Je ne me souviens que très vaguement du temps où je trouvais laides ses convulsions volubiles, brisées, où je me laissais choquer par les déformations anatomiques. Je n’avais pas 17 ans. Certainement que la beauté que j’y ai lu ensuite n’était pas une beauté classique, digne, indifférente, mais il ne m’est pas venu à l’idée que ceci échappait à la beauté. En feuilletant les monographies, j’étais pris par l’énergie et les inventions, la profusion, la richesse, cette espère de poigne qui semblait attraper la peinture en son entier, ses manières, son histoire – c’est l’artiste athlétique, celui qui joue des épaules. Et, oui, j’ai trouvé belles ses figures sculptées dans l’espace de la toile, tordues, ces équilibres de signes. Savoureuses et justes, toujours portées par un geste sûr, exempt de maladresses, une sorte de force supérieure et pourquoi pas nietzschéenne.

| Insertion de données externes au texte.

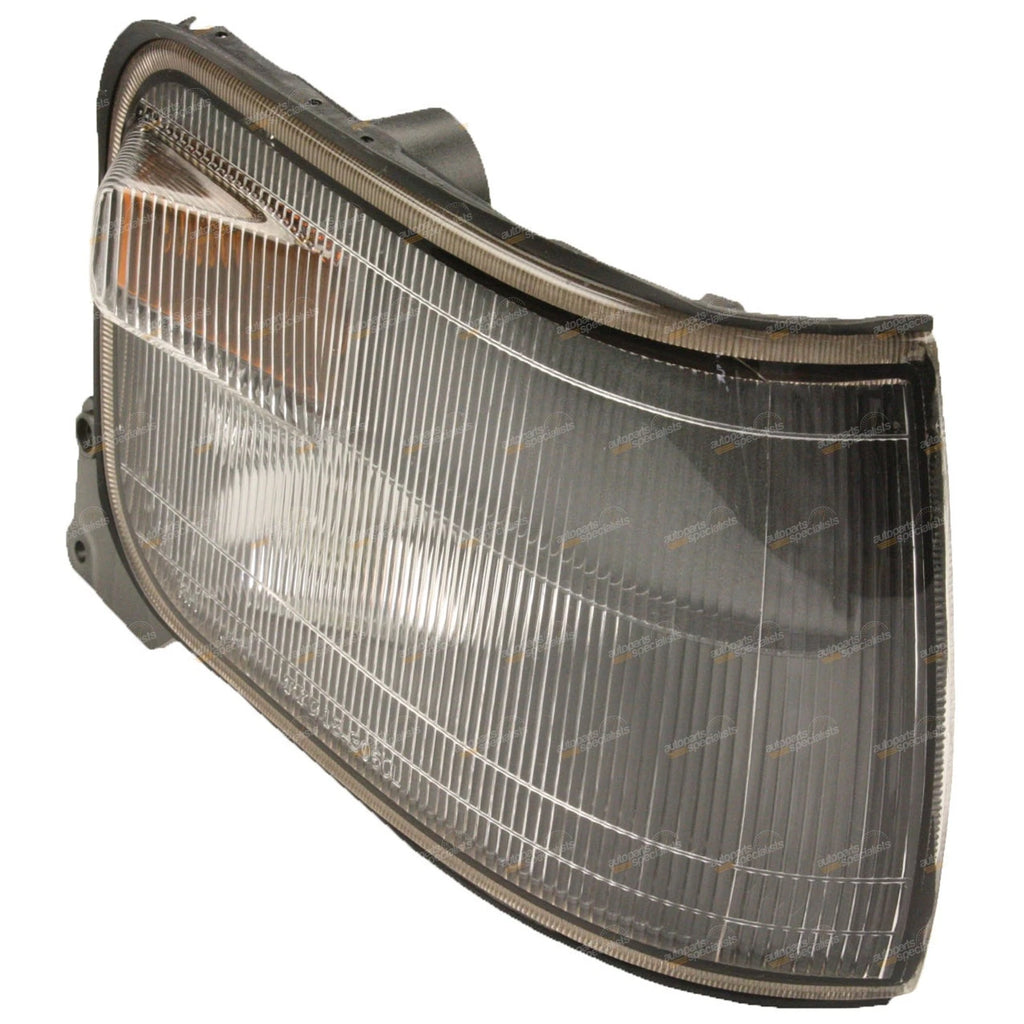 Right Corner Indicator Light for Mitsubishi L300/L400 (1990–2005) RHS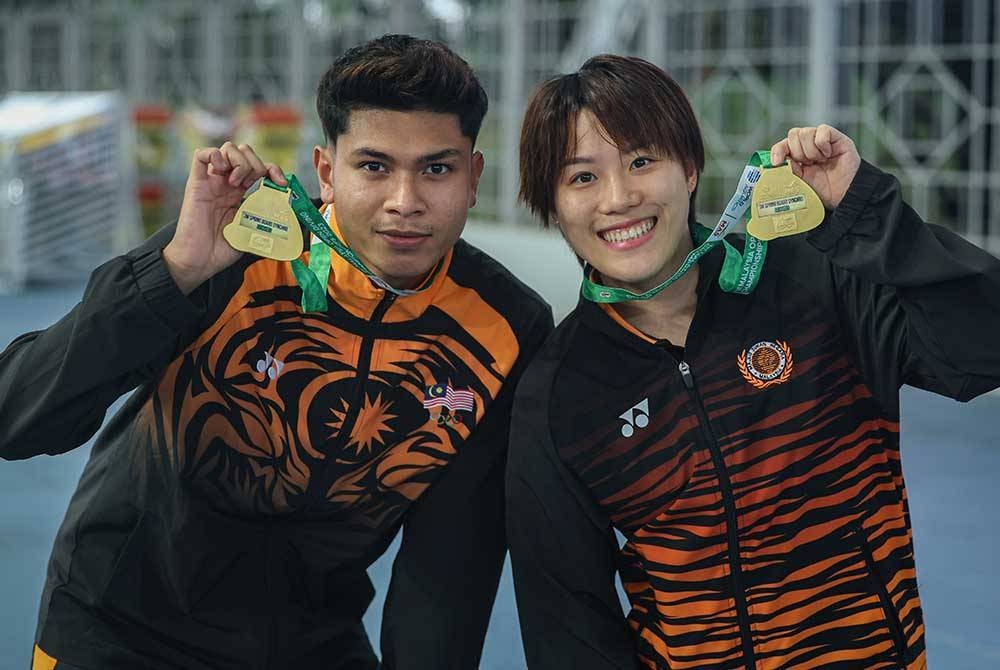 Hanis Nazirul (kiri) dan Yan Yee mengungguli acara 3m papan anjal seirama campuran akhir pada Kejohanan Terjun Terbuka Malaysia 2023 di Pusat Akuatik Nasional Bukit Jalil pada Isnin. Foto Bernama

Il y a le métier et l’histoire, la maitrise technique précoce et ce mouvement d’affranchissement, de libération qui n’est pas sans évoquer les esclaves inachevés de Michel-Ange. Sans doute Picasso a-t-il cru savoir au départ ce qu’était la beauté. Et puis il y a regardé mieux, il a sondé Le Greco, Toulouse-Lautrec, Ingres, les salles poussiéreuses du Trocadéro, Cézanne, l’art populaire. A ce moment sans doute, il a entrevu le caractère fondamentalement impur de la beauté, les viscères de Vénus – il fréquente les bas quartiers de Barcelone, puis les nuits de Paris. Peut-être est-ce une conception très platonicienne : le beau a à voir avec le vrai. Il ne s’agit pas d’apparence, mais de mise à jour de mouvements internes. Il lui faudra tout dire, par-delà le bien et le mal, par-delà la morale. Il y aura comme on sait l’enchevêtrement de la sensualité, de la misère et de la mort – la syphilis – dans le bordel de la rue d’Avignon. Et par la suite, toute une série de figurations tragi-comiques, l’expression du désir dans sa cruauté, la peinture dans ses humeurs. Je me laisse émouvoir aujourd’hui encore par quelques figures grotesques et touchantes conjuguant ampleur et intime comme cette femme sur la plage, collection du musée des Beaux arts de Lyon, qui évoque dans sa pose le tireur d’épine antique (spinario). Toute l’œuvre de Picasso est marquée d’ailleurs par ces clin-d’œil, références, citations, emprunts. On est loin de la supposée table rase des avant-gardes, des ruptures radicales. Mais les filiations, les continuités à l’œuvre chez Picasso sont marquées par un regard de peintre, un regard actif, tout l’inverse d’une considération académique. Picasso ne regarde pas depuis l’histoire mais depuis les gestes, depuis ce qu’il lui semble être à l’œuvre dans les œuvres. On s’est toujours étonné de ce qu’au moment où il envisage Les Demoiselles d’Avignon, l’exposition qui le retient n’est pas celle de Cézanne qu’il juge encore mal, mais celle d’Ingres. Mais en Ingres, il ne voit pas tant le néoclassique orientaliste à la touche lisse que la sensualité, les imbrications des corps dans le Bain Turc qui lui évoquent maisons closes et harem, plaisirs et domination, les libertés anatomiques des Odalisques. Ingres est sur le chemin qui mène à l’art ibérique populaire, à l’art océanien, à la statuaire « nègre ».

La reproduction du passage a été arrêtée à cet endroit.